Logan: I’d move anywhere basically if I had even the tiniest reason for moving there. I have friends in Burlington, Vermont and spent 1 magical few days there last summer, so if someone gave me a house and a half a job in Burlington, I’d take that. Portland, Maine. Never been, heard it’s A+. I love London and have friends in London and would love to live in London. And then, I don’t know, some bumfuck town somewhere in the middle of nowhere. I always liked that idea. My second question for you is basically the same question, worded a litttttttle bit differently: If someone stole the keys to your apartment and said, it’s my apartment now and also my city, it’s not big enough for the both of us, and then put you in a car to the airport, where would go start your new life?

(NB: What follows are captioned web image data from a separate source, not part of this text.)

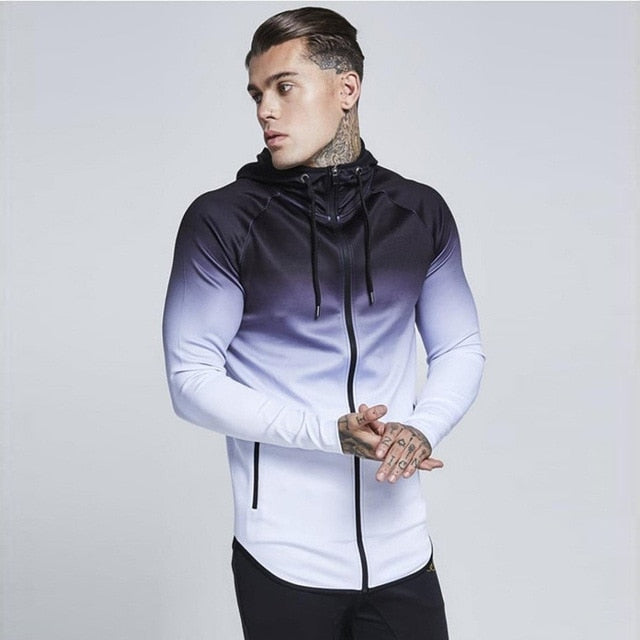 Mens Gradiant Winter Hoodie - The Hoodie Store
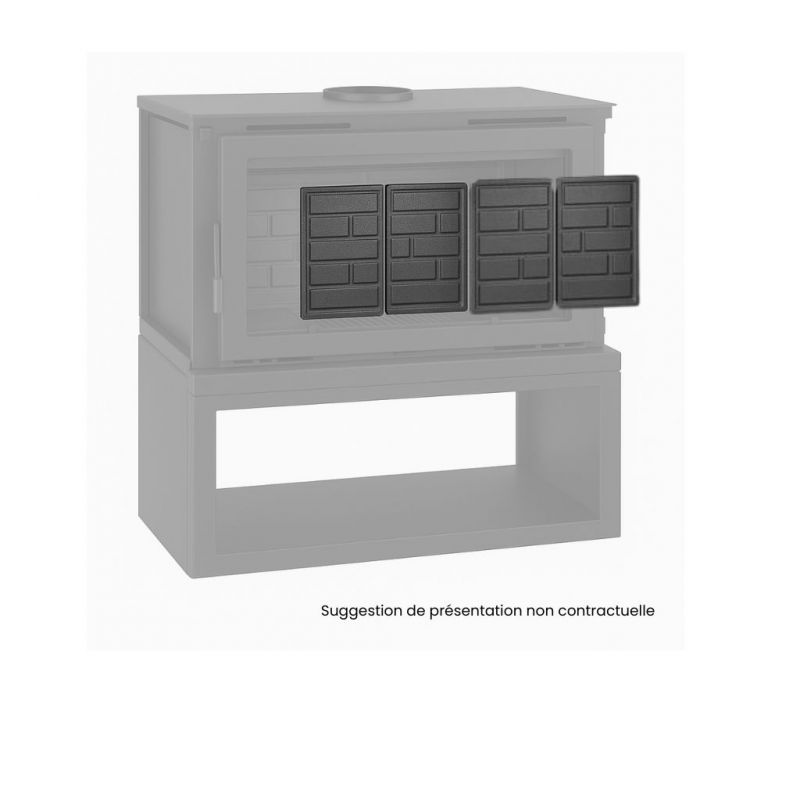 KIT PLAQUES FOYER FONTE - TORONTO-S - FIREMATIC WOOD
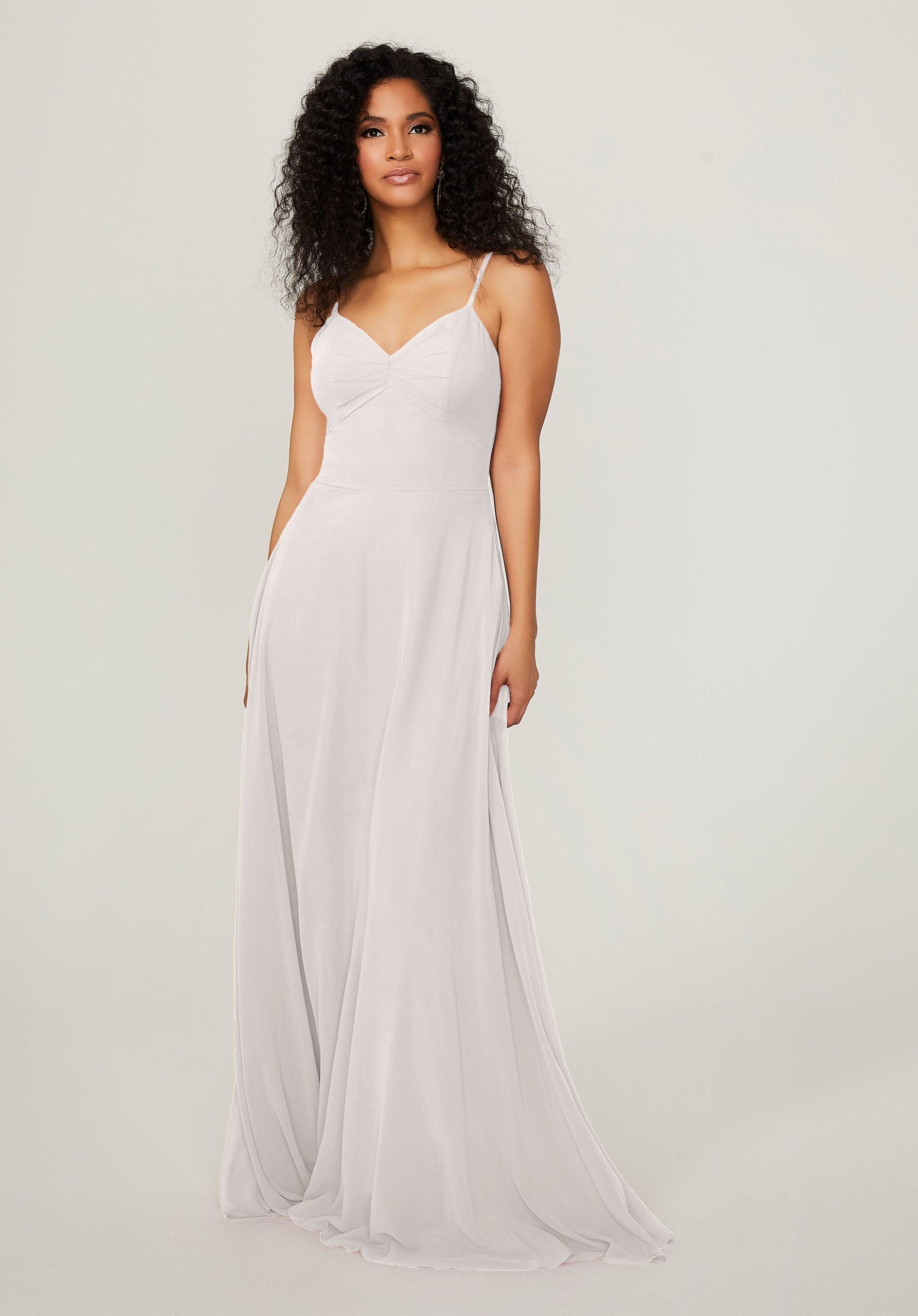 Formal Dresses A Line Long Formal Evening Pleated Dress MGNY Madeline Gardner New York 21784 Silver
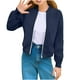 thumbnail image 2 of Cowsor Girls Bomber Jacket Coat Casual Stand Collar Zip Up Lightweight Fall Fashion Jackets Outfits with Pockets, 2 of 7
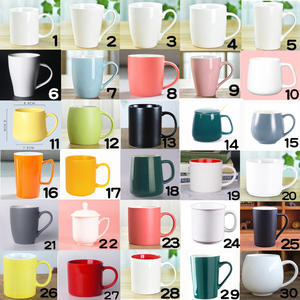 Tazas de Cerámica Nórdicas de Color Sólido, Aptas para Lavavajillas, para Uso Diario en el Hogar, Tazas de Regalo con Opción de Logotipo Personalizado - Product Image 1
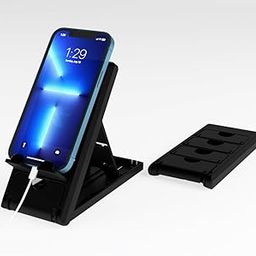 STRIFF Smartphone Stand, Tabletop, Foldable, Mobile Stand, Phone Stand, Tablet Stand, Smartphone Holder, Adjustable Height, Lightweight, Compact, Portrait and Horizontal, Easy to Carry(Black)-20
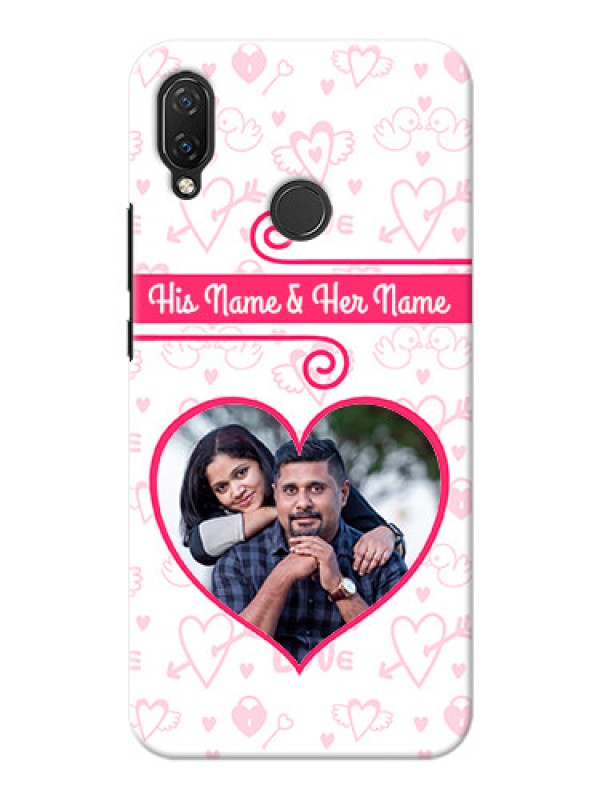 Custom Huawei Nova 3i Personalized Phone Cases: Heart Shape Love Design
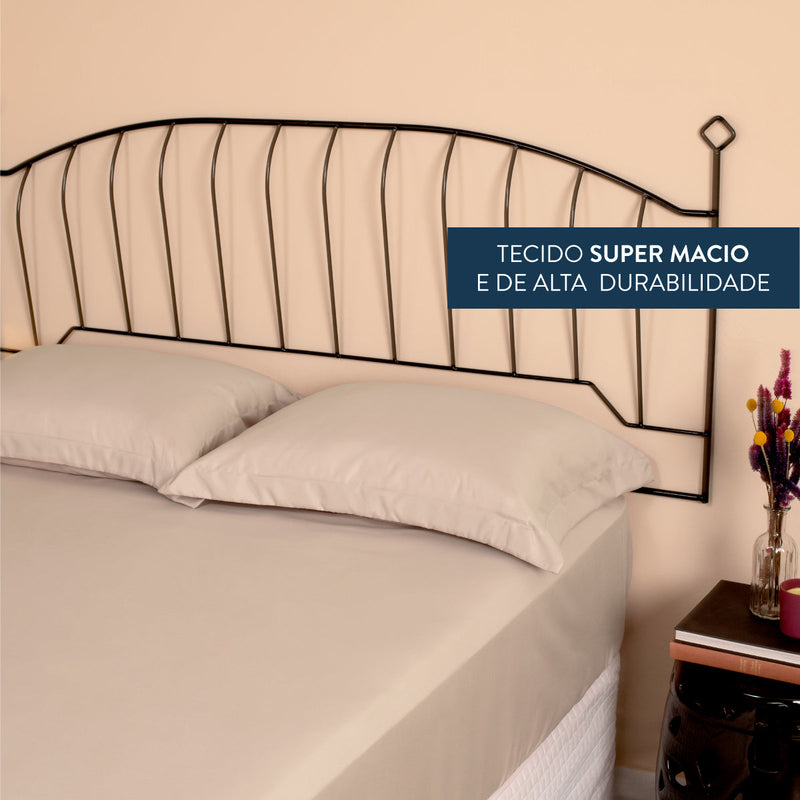 LENÇOL DE CAMA SLIM MICROPERCAL 200 FIOS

Mike: I guess, it’d depend on where I think I could get a job, so if I were thinking about it in those practical terms, I’d move to San Francisco. When I was there the other week, my friends said, “Mike, move here! You could get a job! We’d help you find a place to live!” So that is an option. But if I had the option of going anywhere, I guess I’d move to say, Scotland or Ireland. I’d actually like to have it be the opposite of a big city. S.F. is so much like New York. And I found Madrid to be like New York in a way too. I’d like to have a house somewhere that cost a normal amount of dollars, and be able to walk into my backyard and into the woods and then disappear forever if I wanted that. Hah. I’m sure if I had that, I’d go stir crazy, but it has its kind of romance, I guess. Okay, third question. You posted Jane Catherine Lotter’s self-written obituary this week. Maybe this is a really tough question, but how would you like to be remembered?
Logan: Hhhahah. Um. Well, whenever I’m on an airplane, which used to be a lot, there’s always at least one moment where I’m pretty sure it’s curtains and we’re going down and I’m going to die, and during those moments, I’m always like, “alright! ta-da! I feel great!” I don’t have any regrets about my life, I don’t think any of the people that I love have any regrets about my life. I mean my parents obviously wish I made more money, but they’re not going to be thinking that when I’m dead. Or will they. So I guess, just like, as a person who was figuring some things out! Ha I don’t know, Mike. This question makes me want to like, get up and walk out the door and go swimming at the beach. What are we doing inside on computers, what a dumb way to live ahhhh. My last question is: Do you like Beyonce’s new hair?
Mike: Can you show me what Beyonce’s new hair looks like?
Logan: Why yes the link is right here.
Mike: Well, my very first impression of it was: “Oh, that looks like my mom’s hair.” So I guess I like it? But it also makes me feel weird because I don’t want to think of Beyonce as my mom, or, er, bring up mom feelings whenever I’m listening to “Love on Top” or whatever single is charting.
Logan: So you like it. Good, me too. Love it.